In questo quadro di preoccupazione si inserisce anche la recente recrudescenza - insolita per più di un motivo - del vaiolo delle scimmie. Noto da decenni, e solitamente endemico di alcuni Paesi dell'area africana, il virus è attualmente osservato speciale dell'Oms perché si è diffuso (si parla di circa 200 casi) in tutto il mondo, in nazioni dove solitamente non è solito presentarsi. Malgrado il nome faccia pensare altro, la patologia origina dai roditori.

«Che il contagio passi da un animale all'uomo, non è una novità», ha recentemente commentato al TagesAnzeiger il virologo dell'Università di Berna Christian Althaus, «pensiamo alle zecche, con la meningoencefalite (Tba) e la malattia di Lyme, ma anche - più semplicemente - alla salmonella o al campylobacter che dal pollo arrivano fino all'uomo. L'allerta è giustificata in casi come il Covid, che è una malattia completamente nuova apparsa quasi dal nulla, così come quando patologie ritenute "vecchie" si ripresentano. In entrambi questi frangenti l'aumento è stato sostanziale negli ultimi 20 anni».

I fattori sono molteplici: «Per iniziare al mondo ci sono molte più persone in grado di spostarsi molto più velocemente, sono aumentati gli allevamenti intensivi - che rendono più facile il passaggio dei patogeni dall'animale all'uomo - e l'invasione, da parte dell'uomo, di aree a lungo tempo inesplorate, come la giungla. Un esempio potrebbe essere l'esplosione dell'ebola in Africa occidentale fra il 2014 e il 2016».

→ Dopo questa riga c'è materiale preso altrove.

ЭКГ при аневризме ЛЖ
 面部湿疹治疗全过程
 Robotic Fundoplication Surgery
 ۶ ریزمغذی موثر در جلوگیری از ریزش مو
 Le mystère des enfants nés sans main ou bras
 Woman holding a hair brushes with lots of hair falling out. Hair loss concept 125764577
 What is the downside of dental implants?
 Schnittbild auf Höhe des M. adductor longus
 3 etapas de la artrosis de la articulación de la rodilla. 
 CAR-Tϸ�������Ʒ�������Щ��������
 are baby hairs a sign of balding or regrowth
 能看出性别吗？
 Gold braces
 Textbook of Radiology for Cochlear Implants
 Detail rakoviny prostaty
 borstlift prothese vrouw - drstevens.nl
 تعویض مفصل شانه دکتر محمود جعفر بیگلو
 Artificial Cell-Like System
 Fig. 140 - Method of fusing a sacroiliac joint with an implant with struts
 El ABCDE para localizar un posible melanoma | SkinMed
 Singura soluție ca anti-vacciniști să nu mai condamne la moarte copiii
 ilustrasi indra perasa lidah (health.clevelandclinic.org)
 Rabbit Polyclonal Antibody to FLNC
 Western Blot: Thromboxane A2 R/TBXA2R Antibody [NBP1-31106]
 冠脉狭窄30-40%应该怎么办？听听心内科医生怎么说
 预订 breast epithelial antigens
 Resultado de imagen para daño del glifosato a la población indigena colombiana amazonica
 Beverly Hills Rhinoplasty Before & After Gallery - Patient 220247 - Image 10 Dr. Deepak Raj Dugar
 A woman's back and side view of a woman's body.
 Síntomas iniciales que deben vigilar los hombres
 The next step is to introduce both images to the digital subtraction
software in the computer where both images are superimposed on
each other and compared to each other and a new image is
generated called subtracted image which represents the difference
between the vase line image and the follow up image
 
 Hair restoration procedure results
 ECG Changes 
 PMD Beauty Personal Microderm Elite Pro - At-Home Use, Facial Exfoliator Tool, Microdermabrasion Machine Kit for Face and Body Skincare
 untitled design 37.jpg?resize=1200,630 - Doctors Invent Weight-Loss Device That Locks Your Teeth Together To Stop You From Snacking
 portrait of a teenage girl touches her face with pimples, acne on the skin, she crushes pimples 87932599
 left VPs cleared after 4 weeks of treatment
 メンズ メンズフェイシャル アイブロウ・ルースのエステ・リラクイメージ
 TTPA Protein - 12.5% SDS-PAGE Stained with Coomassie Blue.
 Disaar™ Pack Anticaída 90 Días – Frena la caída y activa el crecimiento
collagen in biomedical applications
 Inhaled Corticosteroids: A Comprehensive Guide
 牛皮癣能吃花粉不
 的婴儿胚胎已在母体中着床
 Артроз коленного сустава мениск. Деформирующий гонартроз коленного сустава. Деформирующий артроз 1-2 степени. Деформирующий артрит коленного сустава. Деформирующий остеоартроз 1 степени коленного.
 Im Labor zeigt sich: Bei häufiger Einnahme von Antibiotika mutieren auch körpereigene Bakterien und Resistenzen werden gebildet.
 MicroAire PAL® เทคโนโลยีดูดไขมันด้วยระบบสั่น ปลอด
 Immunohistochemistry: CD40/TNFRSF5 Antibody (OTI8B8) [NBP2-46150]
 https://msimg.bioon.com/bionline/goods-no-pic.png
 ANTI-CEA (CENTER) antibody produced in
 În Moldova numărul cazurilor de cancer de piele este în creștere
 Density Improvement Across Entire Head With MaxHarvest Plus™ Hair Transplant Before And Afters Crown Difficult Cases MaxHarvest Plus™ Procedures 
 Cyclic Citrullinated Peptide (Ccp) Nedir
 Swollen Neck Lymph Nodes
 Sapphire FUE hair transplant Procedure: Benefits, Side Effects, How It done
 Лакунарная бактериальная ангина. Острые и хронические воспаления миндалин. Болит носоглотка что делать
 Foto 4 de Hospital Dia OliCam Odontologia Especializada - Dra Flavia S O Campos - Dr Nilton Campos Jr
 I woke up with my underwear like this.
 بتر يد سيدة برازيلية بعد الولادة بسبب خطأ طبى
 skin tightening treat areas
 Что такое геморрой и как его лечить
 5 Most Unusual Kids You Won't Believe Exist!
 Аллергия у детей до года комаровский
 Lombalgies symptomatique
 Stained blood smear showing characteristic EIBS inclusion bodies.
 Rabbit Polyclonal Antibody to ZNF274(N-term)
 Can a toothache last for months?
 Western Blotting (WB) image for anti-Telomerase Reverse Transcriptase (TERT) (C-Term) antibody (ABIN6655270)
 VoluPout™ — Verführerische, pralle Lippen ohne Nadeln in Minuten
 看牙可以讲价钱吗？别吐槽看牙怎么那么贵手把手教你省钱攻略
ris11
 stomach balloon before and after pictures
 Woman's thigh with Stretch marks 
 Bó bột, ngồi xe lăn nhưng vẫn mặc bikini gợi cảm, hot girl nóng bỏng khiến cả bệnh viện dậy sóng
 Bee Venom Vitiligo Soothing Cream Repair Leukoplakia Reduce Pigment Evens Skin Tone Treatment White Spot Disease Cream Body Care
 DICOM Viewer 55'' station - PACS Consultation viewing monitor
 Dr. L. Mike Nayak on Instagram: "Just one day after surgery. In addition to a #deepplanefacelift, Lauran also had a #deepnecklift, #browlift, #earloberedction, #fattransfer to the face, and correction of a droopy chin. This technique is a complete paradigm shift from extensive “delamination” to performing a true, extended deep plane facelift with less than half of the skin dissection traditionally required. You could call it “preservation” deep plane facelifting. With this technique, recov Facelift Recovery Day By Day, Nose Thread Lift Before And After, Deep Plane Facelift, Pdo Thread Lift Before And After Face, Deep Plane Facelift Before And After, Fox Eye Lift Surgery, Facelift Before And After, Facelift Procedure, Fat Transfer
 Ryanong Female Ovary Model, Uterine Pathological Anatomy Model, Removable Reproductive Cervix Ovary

In questo senso quello del Sars-Cov-2 «un caso da manuale», spiega Althaus: «Il primo Sars-Cov (quella che era diventata nota come Sars) era stato identificato circa 20 anni fa e possiamo dire che siamo stati fortunati che non sia dato pandemico, anche perché era piuttosto pericoloso. Adesso l'osservato speciale è il Mers-CoV che interessa pipistrelli e cammelli. Se ci sarà ancora una malattia dal potenziale pandemico questo sarà verosimilmente un coronavirus».

Nel caso - sempre più probabile, sostiene l'esperto - di una nuova pandemia, fortunatamente sapremo già come muoverci: «Probabilmente non riusciremo a scongiurarle del tutto, ma è vero che dall'esperienza del Covid abbiamo imparato molto: abbiamo imparato a testare con rapidità, grande efficienza e su vasta scala. Anche per quanto riguarda i vaccini mRna abbiamo fatto passi da gigante».